封緘されていない封筒に収められていた3枚の便せんからなる自筆証書遺言について、無効であるとされた事例【東京地判令2.10.8】

弁護士

本橋 光一郎

  • 1 はじめに

     自筆証書遺言は、遺言者がその全文、日付及び氏名を自書し、これに印を押さなければなりません(民法968条1項)。また、遺言書が複数枚から構成されているときは、それらが一体のものであることが必要ですし、遺言書の作成日付については、遺言書が作成された真実の日を記載することが必要とされています。これら遺言書の一体性や遺言書作成の日付の真実性について争われた興味ある事案がありますので、紹介いたします。

  • 2 事案の概要

     被相続人Aは、平成29年9月17日に死亡しました。Aの相続人は長男Y(小児科医)と長女Xの2名でした。Aの夫B(小児科医)は、既に平成16年2月17日に死亡していました。
     亡A作成名義の平成8年10月6日付自筆遺言書(本件遺言書)が存在し、平成30年11月に家庭裁判所で検認がなされました。検認時の本件遺言書は、封緘されておらず、3枚の便箋が入っていました。1枚目には右肩に一頁との付記があり、冒頭に遺言書と記載され、続いて遺言者が次の通り遺言する旨の記載と押印がなされ、診療所の土地建物(本件不動産)をYに相続させる旨の記載がありました。
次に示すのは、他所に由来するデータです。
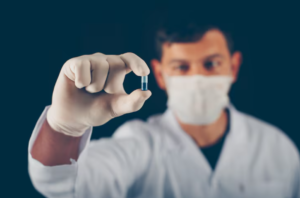 Farmacovigilância no atendimento ao cliente: como estruturar um processo seguro e conforme a ANVISA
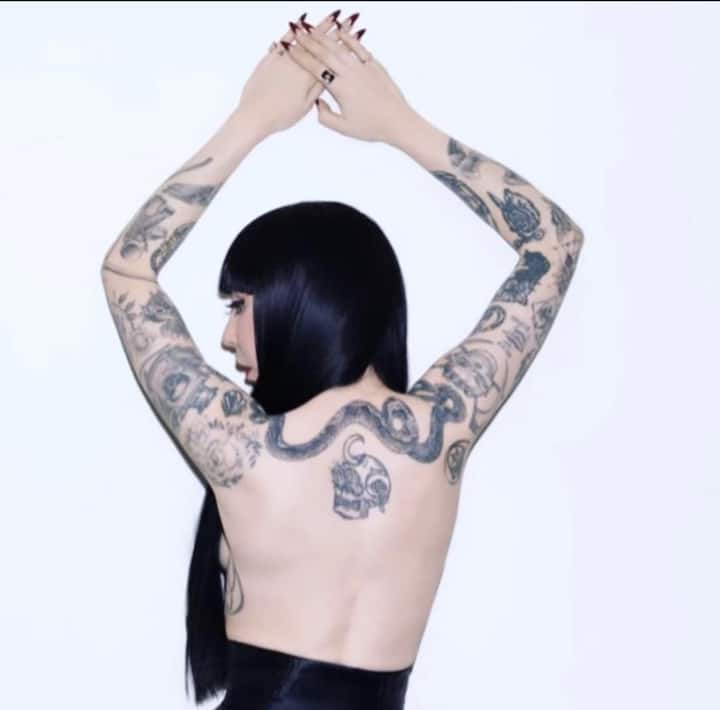 A Luxe Haircut At Minor Rose By Bradley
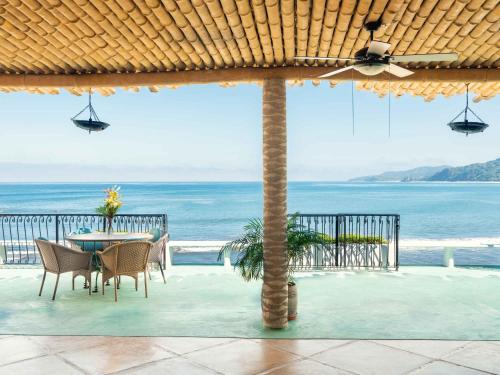 295013105 Villa Amor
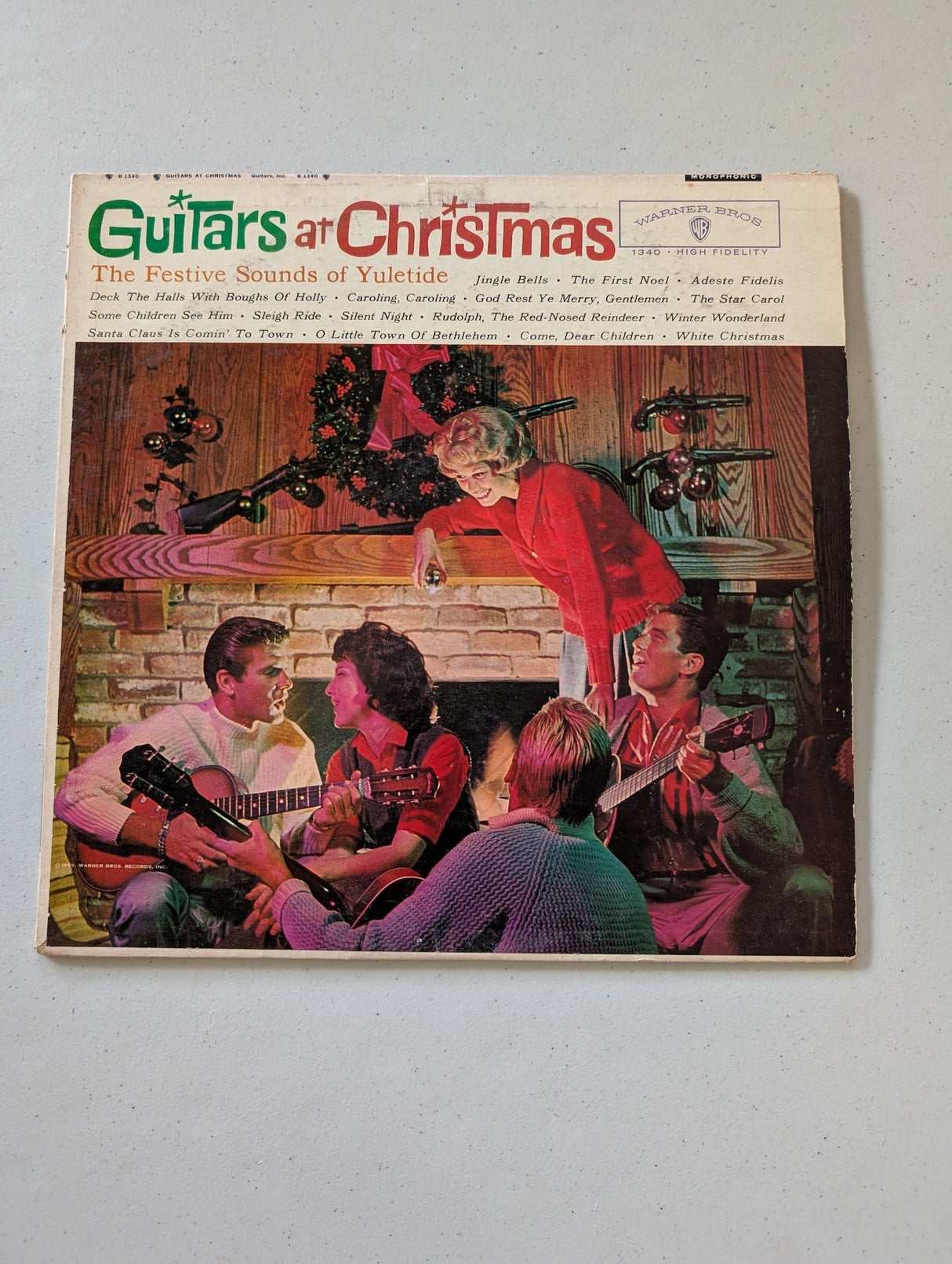 Disco de vinilo "The Guitars At Christmas" (Warner Bros. B1340, The Guitars Inc., 1959) (álbum de vinilo navideño)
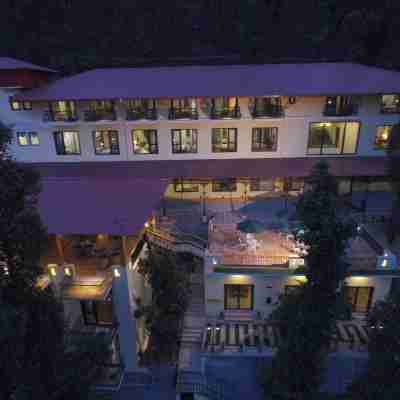 The Fern Hillside Resort Bhimtal Hotel Exterior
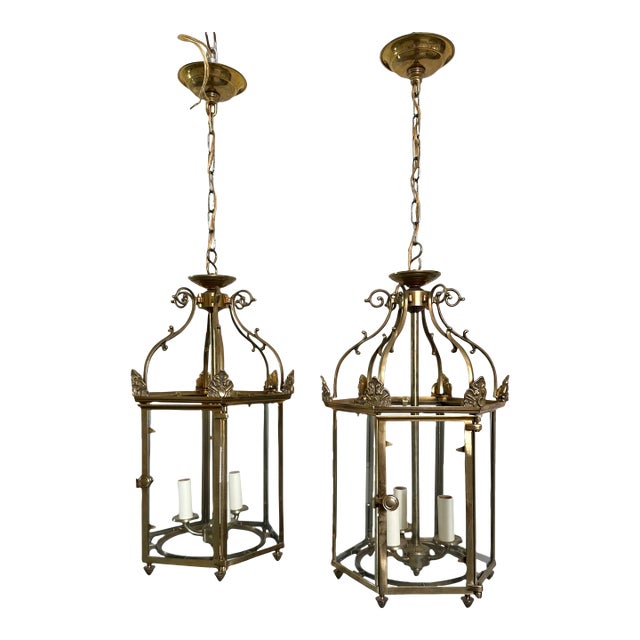 Pair Vaughan Designs English Regency Style Brass Hanging Lanterns For Sale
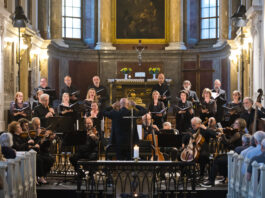 Es sind Highlights wie das Bachfest &ndash; hier ein Konzert mit &bdquo;Coro della Radiotelevisione svizzera&ldquo; und &bdquo;I Barocchisti&ldquo; unter der Leitung von Diego Fasolis im Jahr 2025 in der Nikolaikirche &ndash; die Menschen aus aller Welt nach Leipzig locken. Foto: Gert Mothes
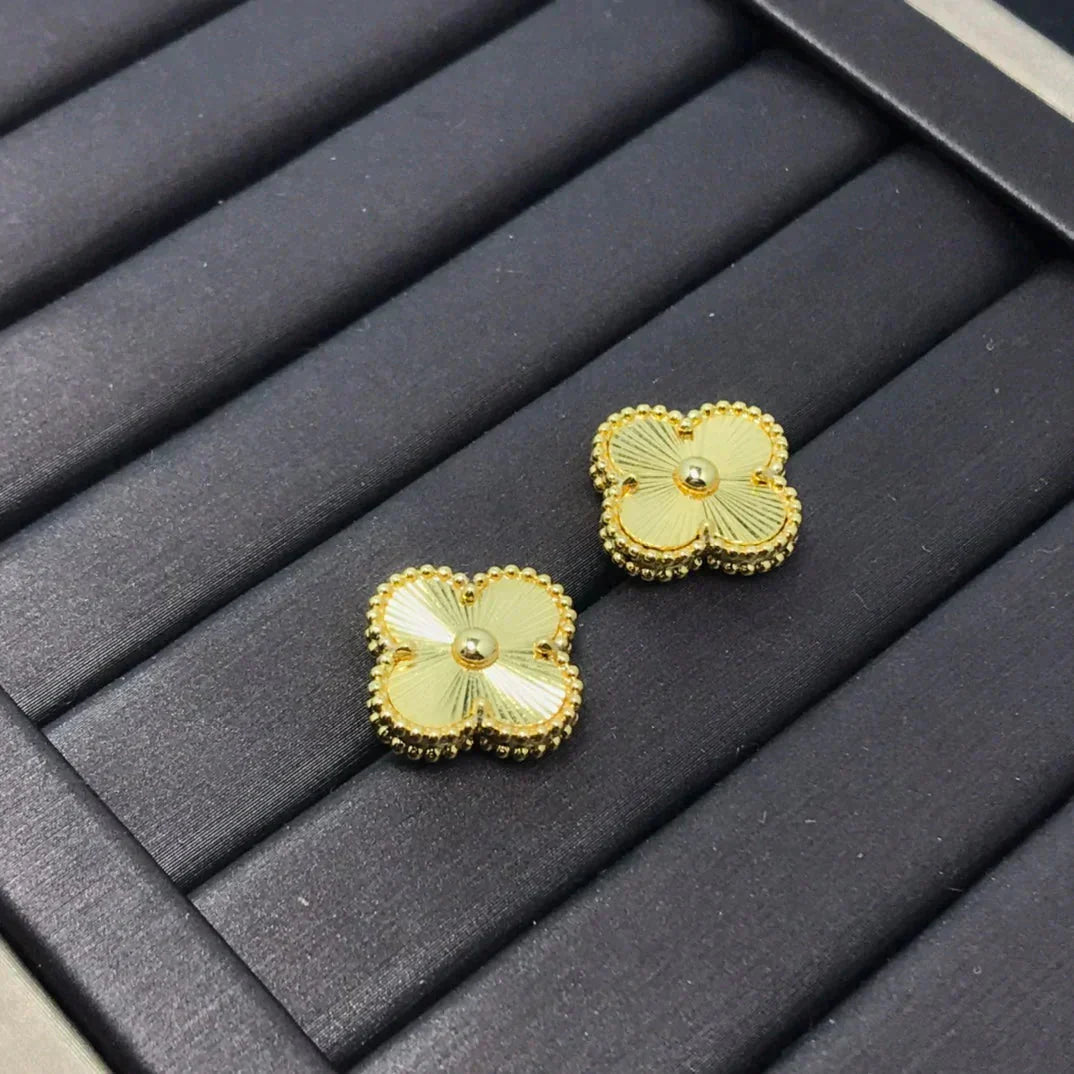 [Windsor Jewelry]CLOVER MINI 9.5MM LASER EARRINGS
なお1枚目の便箋は縦方向に切り取られて右半分のみが残存し、その右半分に上記の記載がなされていました。
     2枚目には、右肩に二頁と付記され、(横書きで表記された)銀行の債券、郵便局の定期・定額郵便貯金及び簡易保険をYに相続させる旨の記載がありました。
     3枚目には、右肩に三頁との付記があり、(横書きで表記された)銀行の定期預金及び株式をXに相続させる旨の記載があり、末尾には「平成八年十月六日遺言者A」との記載と押印がありました。
     なお、本件遺言書の作成日付とされる平成8年10月6日時点ではBが存命中で、本件不動産はBの所有であり、Aが本件不動産の所有権を取得したのは、Bが死亡した平成16年2月17日以降の遺産分割協議によるものでした。
     また、Yの検認申立書には自宅内の金庫の中から本件遺言書を発見したこと、金庫の鍵は亡Aから生前Yに預けていたことが記載されており、Yの検認時の説明では実際に本件遺言書を発見したのは、Aが死亡した日(平成29年9月17日)よりかなり時間が経過した平成30年8月15日頃であるとのことでした。
     そして、Xは、本件訴訟において、遺言書が無効であることの確認等を請求し、訴訟では、本件遺言書の有効性が争われました。

  • 3 裁判所の判断

     東京地方裁判所は、まず、自筆証書遺言の有効を主張する当事者において、①遺言書の全文を遺言者が自書したこと、②日付を遺言者が自書したこと、③氏名を遺言者が自書したこと、④遺言者による押印があることの各要件を具備することを主張立証する必要があること(民法968条第1項)、また、上記②の遺言書作成の日付は、遺言者が遺言書を作成した真実の日であることが必要であり、そのことについて遺言の有効を主張する当事者において主張立証する責任があること、さらには、複数枚の紙面が1通の一体性のある遺言書を構成しているときは、遺言書が1通の一体性のあることの主張立証責任は遺言の有効を主張する当事者(本件においてはY)が負うと解するのが相当であると判示しました。
     そして、本件では、
     ア 本件遺言書を一部物理的に切断し不揃いの紙面が混在する形式で作成するというのは極めて不自然かつ奇抜な発想であり、改めて書き直すのが遺言者の通常の対処方法と考えられるから、本件では亡A以外の第三者が何らかの意図をもって故意に切断した可能性が高いというべきであって、そのことは本件遺言書の一体性を否定する大きな要素となり得る。
     イ また、1枚目の便箋には、相続させる対象の財産として本件不動産が記載されているが、亡Aが本件不動産を取得したのは平成16年2月17日以降であり、1枚目の便箋は、平成16年2月17日以降に作成された可能性が十分あり、3枚目の末尾に記載されている作成日付である平成8年10月6日に3枚の便箋で構成される本件遺言書が作成されたとは言えず、作成日付は真実ではなく無効の記載であって、遺言書の一体性にも重大な疑問がある。
     として、結局、本件においては、Yが自筆証書遺言の有効要件を立証していないこととなるので、本件遺言書は無効であると判断したものです。

  • 4 コメント

     本判決は、特殊な事例についての判決といえますが、自筆証書遺言の場合に生じ得る自筆証書遺言の発見の遅れ、遺言書記載内容の不自然さ等について詳細に認定したうえ、自筆証書遺言の有効性につき判断しているものであり、他の事例について大いに参考となるものと言えます。